## Data to use
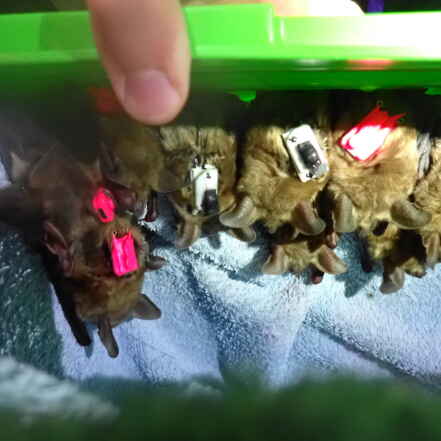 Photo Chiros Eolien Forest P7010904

* * *

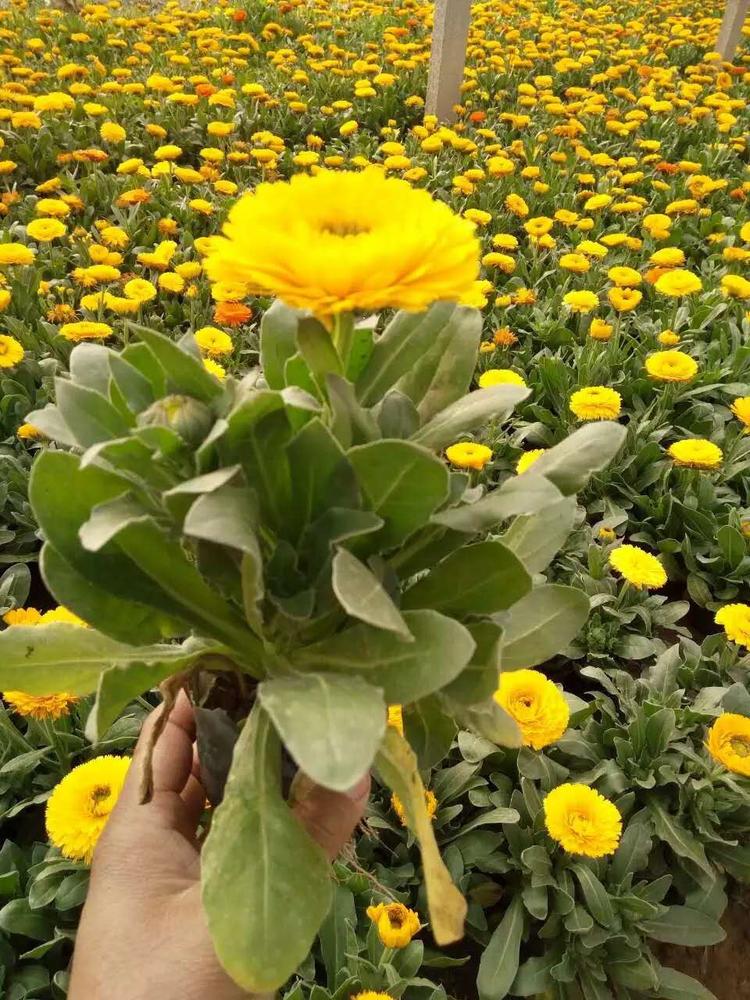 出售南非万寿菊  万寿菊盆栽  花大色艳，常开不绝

---

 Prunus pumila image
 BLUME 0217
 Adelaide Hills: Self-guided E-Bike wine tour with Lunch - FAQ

## Task objective
Considering only the material above, set down every line from the one with "Prunus pumila image" to the one with "Adelaide Hills: Self-guided", inclusive, exactly as written.

## Exercise solution
 Prunus pumila image
 BLUME 0217
 Adelaide Hills: Self-guided E-Bike wine tour with Lunch - FAQ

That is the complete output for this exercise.